Shurmur had to be wounded by Beckham’s decision to air his gripes the way he did. The coach has invested tons of time and effort into building a relationship with Beckham, something neither Tom Coughlin nor Ben McAdoo were able to do. Until Friday, all signs were that it had worked. Shurmur had every right to be “livid” with Beckham, as a FOX Sports report indicated was the case.
The bleeding hadn’t stopped after the game, something made obvious by the challenging, emotional tone of his post-game remarks.
The way the game unfolded didn’t stanch the wound. It pretty much just ripped it open wider, or opened up a whole bunch of new wounds.
The phantom unnecessary roughness call on Landon Collins was perhaps the game-changing play. Instead of a Carolina punt, the Panthers were gifted a first down at the Giants’ 44-yard line and turned it into a touchdown that gave them a 26-17 lead with less that 12 minutes to play.
Shurmur said he saw Collins “making a play on the ball with no attempt, no attempt to target the receiver.” Several Giants players will be sure to see the NFL lighten their wallets this week after their angry reactions, especially Damon Harrison, who said the Giants had the win “stolen” from them.
The questionable giving of a first down to Carolina running back Christian McCaffrey on a third-and-1 at the Giants’ 46-yard line, and the replay booth’s failure to stop the action and review it, was another wound-inducing officiating blunder.
That didn’t end up changing the distance of the kick, but the Panthers — out of timeouts — were gifted a first down with 12 seconds left and could then control the clock rather than having to rush Gano onto the field for a harried kick in the waning seconds likely made a huge difference.
The gut punch of watching Gano’s kick, which tied the NFL record for the longest game-winning kick ever, sail through the uprights, was just final cruel knife twist for the Giants.
But, was it a mortal blow?
The Giants are 1-4. They have to regroup quickly and get ready for a Thursday Night Football game against the Super Bowl champion Philadelphia Eagles at MetLife Stadium.
When the Giants took a similar gut punch last season, losing to the Eagles on a 61-yard game-ending field goal by Jake Elliott after staging a furious fourth-quarter rally, you could tell from the blank faces and the beaten voices in the post-game locker room that the season was over.
There was no anger.

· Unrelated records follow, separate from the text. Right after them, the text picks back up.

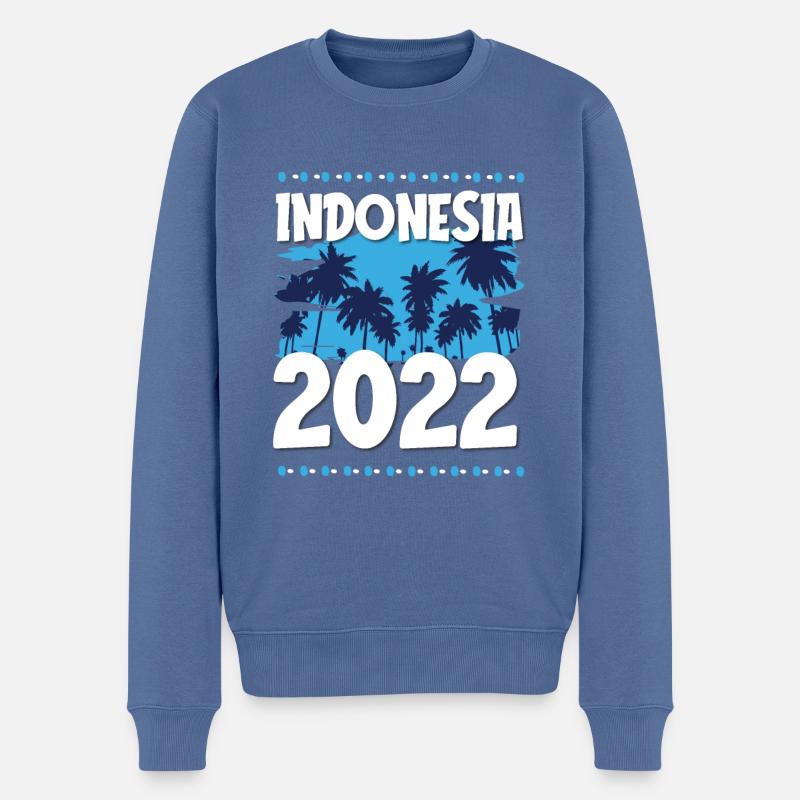 Indonesia 2022 - Männer Premium Bio Pullover - Taubenblau
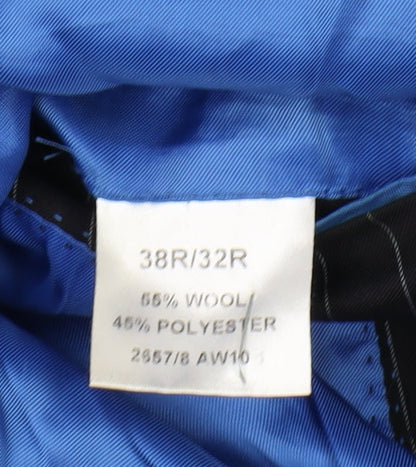 1860 Men's Black Pinstripe Suit Jacket 38R Regular Fit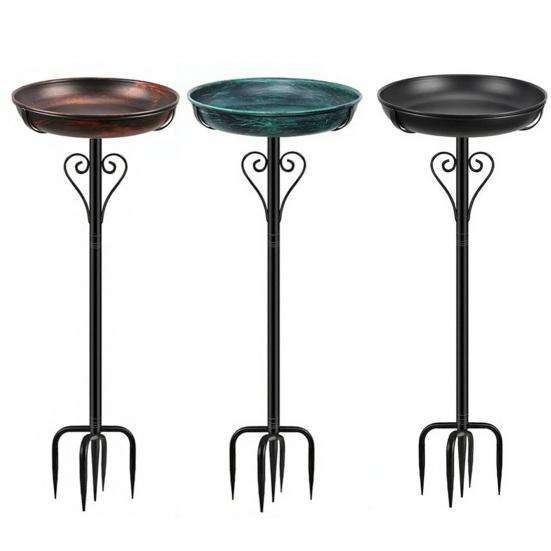 Bird Bath Outdoors Spacious Iron Art Birdbath with Ground Insert Installation Garden Patio Lawn
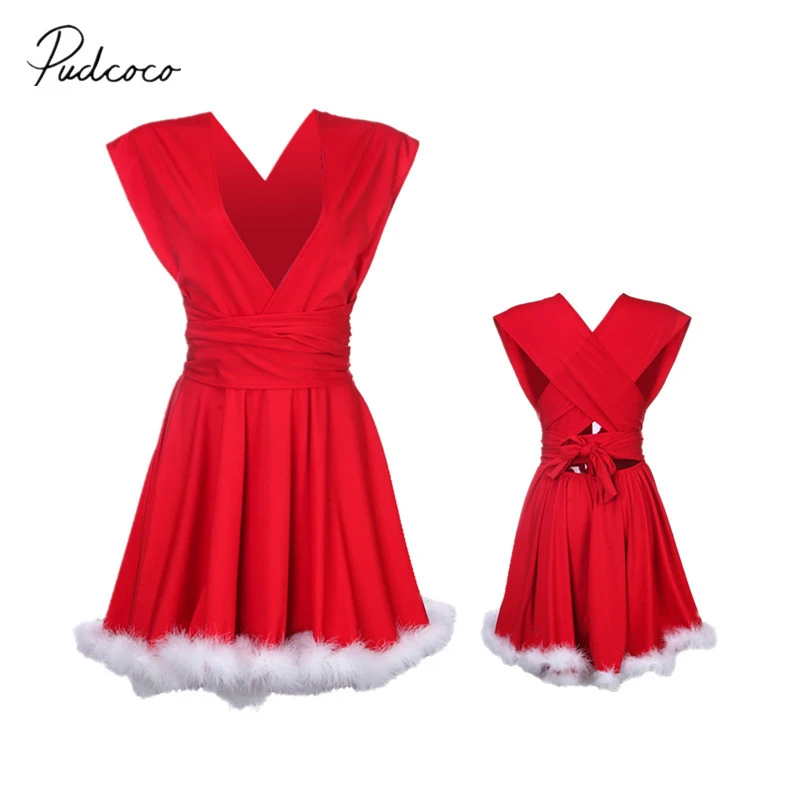 Novedad de 2018! vestido a juego de Navidad para la familia, peludos elegantes vestidos para fiesta, trajes rojos para madre e hija, conjuntos de Navidad Santa Claus|Trajes iguales de familia| -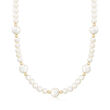 6.5-11mm Cultured Pearl Station Necklace with 14kt Yellow Gold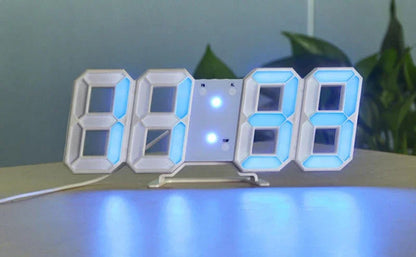 Purchase Products Clock 3D LED Digital Alarm Clock Wall Clock Time/date/temperature For Home/kitchen/office Clocks Decor Garden Beauty World Shop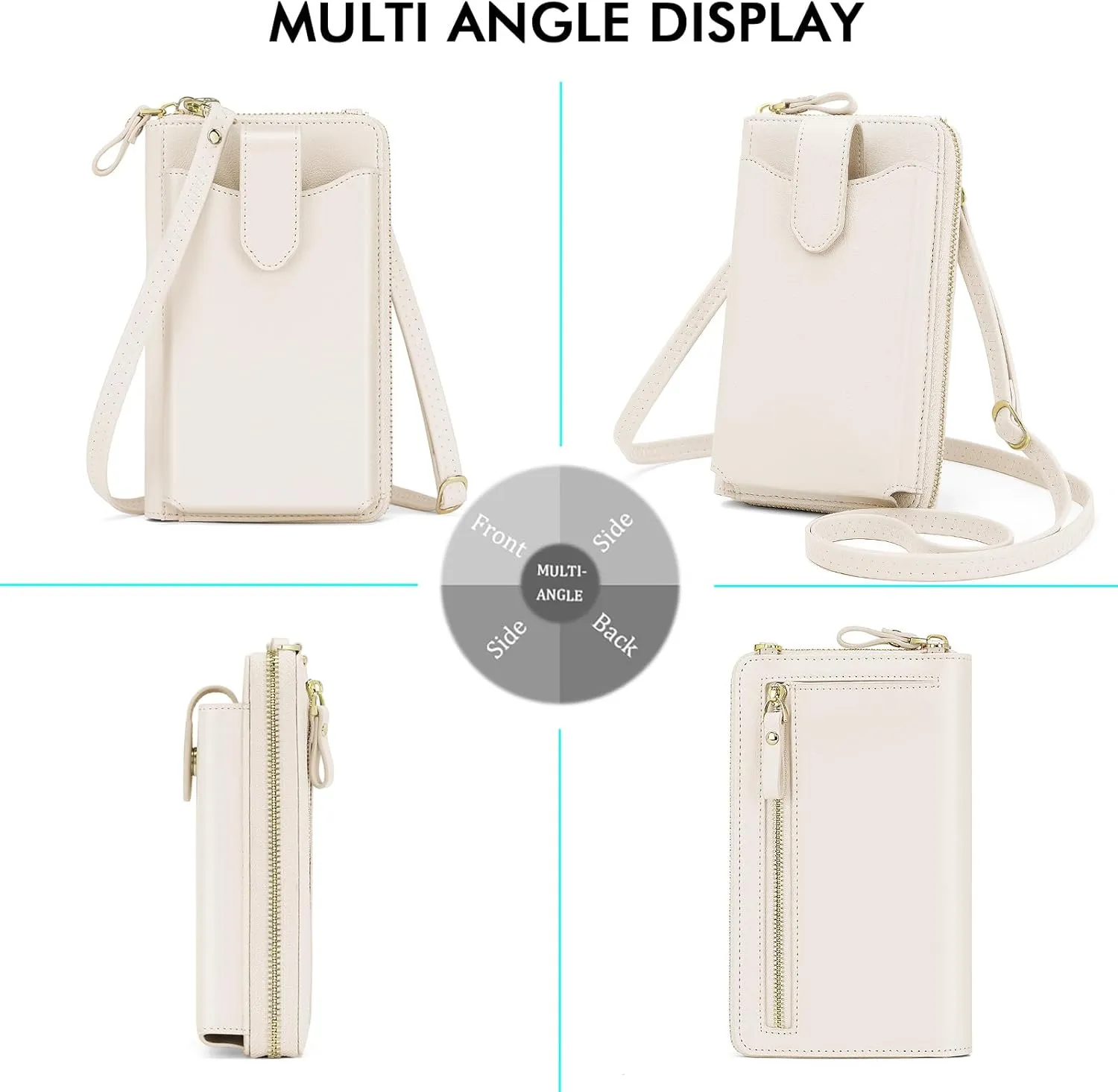 Peacocktion Black Small Crossbody Bags for Women, RFID Leather Cell Phone Purses Wallet, Trendy Crossbody Purses with Zipper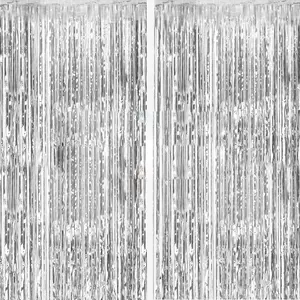 2pcs 3ft x 8.3ft Silver Metallic Tinsel Foil Fringe Curtains Photo Booth Props for Birthday Wedding Engagement Bridal Shower  Shower Holiday Celebration Party Decorations
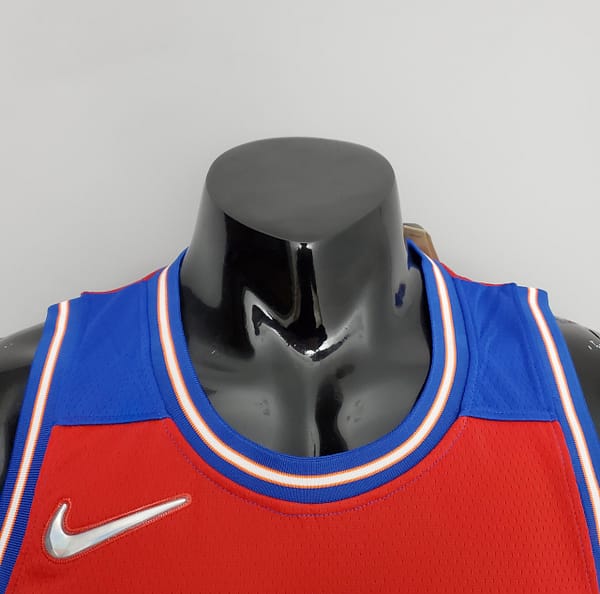 2022 Season Washington Wizards Kuzma #33 Talent City Edition Blue Red NBA Jersey - Image 9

There was just shock. And resignation.
After that, the season — as all Giants fans know — went all the way off the rails.
Will that happen this time?
I don’t think so. The Giants are angry now. Not shocked and resigned.
They hurt themselves in a lot of ways on Sunday. Beckham wounded them with his words. Manning threw two interceptions before rediscovering the late-game magic that once was routine, throwing two touchdown passes in the final 8:53 and giving the Giants a chance to win. Beckham messed up a punt that cost the Giants a touchdown and he dropped a fourth-and-3 pass that cost them an early scoring opportunity. Saquon Barkley had runs of 30 and 20 yards, yet somehow managed only 48 total rushing yards on 15 carries. The pass rush was mostly non-existent. The tackling was often shoddy.
A lot of good things happened, though. The best thing was that the Giants, as Shurmur said, “played hard” and “played tough.”
They kept going. Despite falling behind 17-3. Despite the special teams’ mistakes. Despite the two second-half interceptions. Despite losing a fumble recovery because Curtis Riley was out of bounds. Despite their own all-too-apparent shortcomings. Despite the poor work by the officials.
The Giants made plays. They dug deep into the playbook for a home run pass from Beckham to Barkley. Despite the awful run-blocking they gave the ball to Barkley often enough for him to create a couple of spectacular runs. They attacked down the field on offense. They kept working on defense, kept trying to hold Carolina at bay. They didn’t pack it in when it was 26-17 and the game looked lost.
I have no idea what the rest of the season will be like for the Giants. Maybe they are on their way to another 3-13 season. Maybe they can use their anger, whether it’s at Beckham, the officials, the football Gods who control 60-yard field goals, the media, the schedule-makers for making them play the Eagles on short rest, as a springboard to better results over the final 11 games.
I do know, however, that I like these angry 2018 Giants have a better chance of getting things right before the season ends the 2017 version of the Giants ever had.